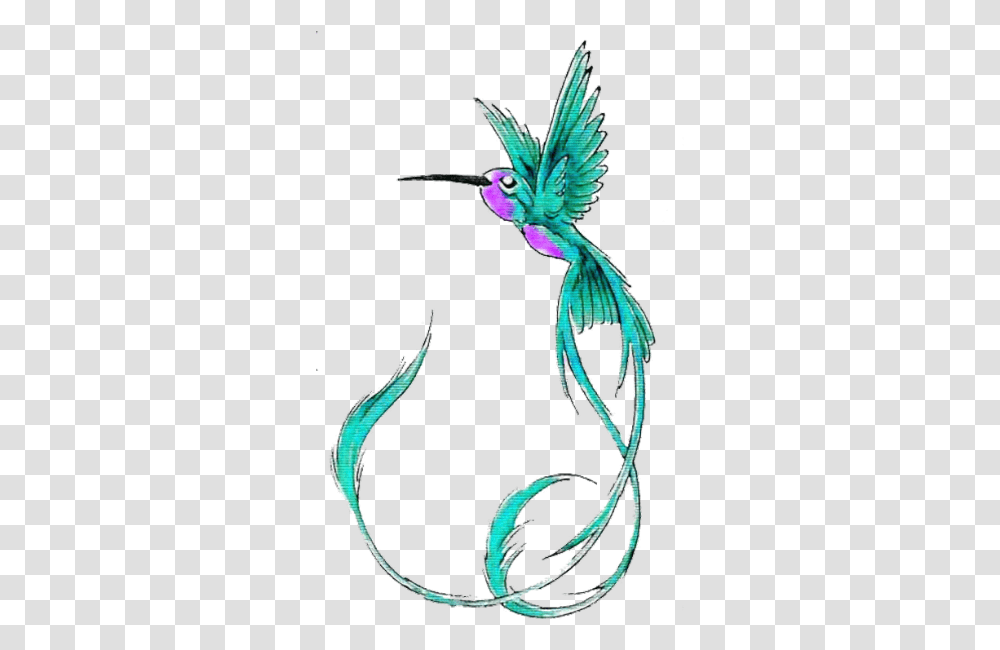 Butterfly With Flowers Tattoo Design Photo Hummingbird Long Tailed Hummingbird Tattoo, Animal Transparent Png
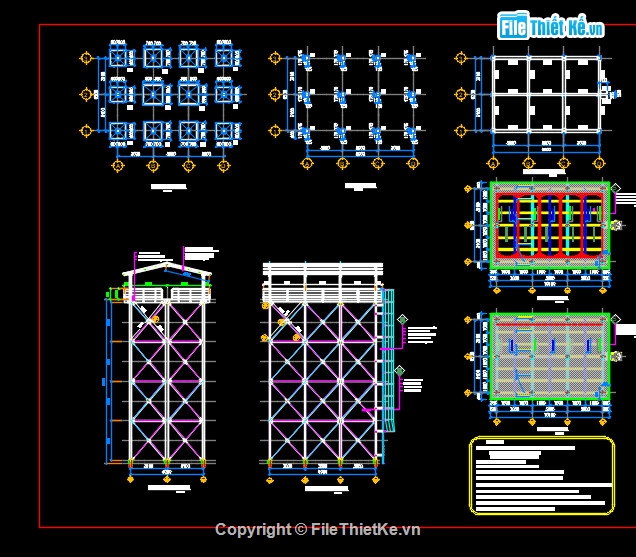 bản vẽ tháp nước,bản vẽ cad tháp nước,tháp nước bằng thép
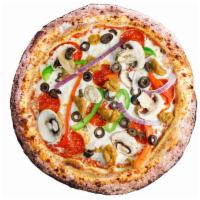 The Brick Pizza · Red sauce, mozzarella, Italian sausage, pepperoni, red onion, black olive, mushroom, bell pe...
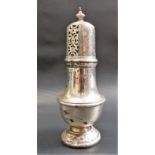 Silver baluster castor, maker S.B. & S. Ltd, Birmingham 1940, weight 4.25oz approx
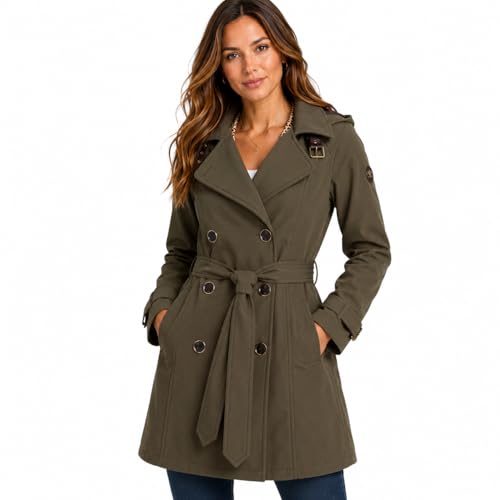 Image of Jessica Simpson Womens Trench Coat - Lightweight Belted Softshell Jacket - Polar Fleece Lined Hooded Long Coat for Women, Size Large, Olive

■ Exercise ■
Go through the entries above and output them exactly, without pictures.

■ Solution ■
 Butterfly With Flowers Tattoo Design Photo Hummingbird Long Tailed Hummingbird Tattoo, Animal Transparent Png
 bản vẽ tháp nước,bản vẽ cad tháp nước,tháp nước bằng thép
 The Brick Pizza · Red sauce, mozzarella, Italian sausage, pepperoni, red onion, black olive, mushroom, bell pe...
 Silver baluster castor, maker S.B. & S. Ltd, Birmingham 1940, weight 4.25oz approx
 Image of Jessica Simpson Womens Trench Coat - Lightweight Belted Softshell Jacket - Polar Fleece Lined Hooded Long Coat for Women, Size Large, Olive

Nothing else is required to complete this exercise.